Source data |
>>

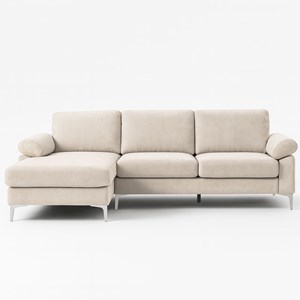 Galway canapé d'angle gauche 4-5 places en velours beige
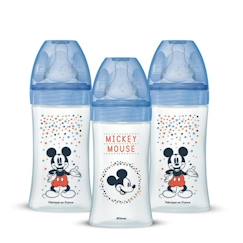 Lot de 3 Biberons DODIE Anti-Colique Initiation+ - Mickey - 270ml - 0-6 Mois - Tétine Ronde - Débit 2  - vertbaudet enfant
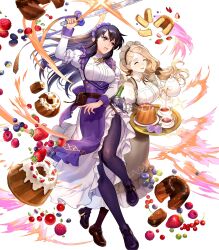 Rule 34 | 2girls, apron, asatani tomoyo, ayra (fire emblem), belt pouch, berry, black hair, blackberry (fruit), blonde hair, bottle, breasts, bucket, cake, cake slice, cherry, closed eyes, cup, dress, fire emblem, fire emblem: genealogy of the holy war, fire emblem: three houses, fire emblem heroes, flower, food, fruit, full body, glass bottle, highres, holding, holding tray, holding weapon, long skirt, long sleeves, maid, maid headdress, medium breasts, mercedes von martritz, multiple girls, nintendo, non-web source, official art, open mouth, pantyhose, pouch, puffy sleeves, purple eyes, shoes, side slit, skirt, sparkle, steam, strawberry, teacup, teapot, teeth, transparent background, tray, upper teeth only, weapon, wrist cuffs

<<

What to do | Drop the pictures; repeat the listing above exactly.

Expected answer |
 Galway canapé d'angle gauche 4-5 places en velours beige
 Lot de 3 Biberons DODIE Anti-Colique Initiation+ - Mickey - 270ml - 0-6 Mois - Tétine Ronde - Débit 2  - vertbaudet enfant
 Rule 34 | 2girls, apron, asatani tomoyo, ayra (fire emblem), belt pouch, berry, black hair, blackberry (fruit), blonde hair, bottle, breasts, bucket, cake, cake slice, cherry, closed eyes, cup, dress, fire emblem, fire emblem: genealogy of the holy war, fire emblem: three houses, fire emblem heroes, flower, food, fruit, full body, glass bottle, highres, holding, holding tray, holding weapon, long skirt, long sleeves, maid, maid headdress, medium breasts, mercedes von martritz, multiple girls, nintendo, non-web source, official art, open mouth, pantyhose, pouch, puffy sleeves, purple eyes, shoes, side slit, skirt, sparkle, steam, strawberry, teacup, teapot, teeth, transparent background, tray, upper teeth only, weapon, wrist cuffs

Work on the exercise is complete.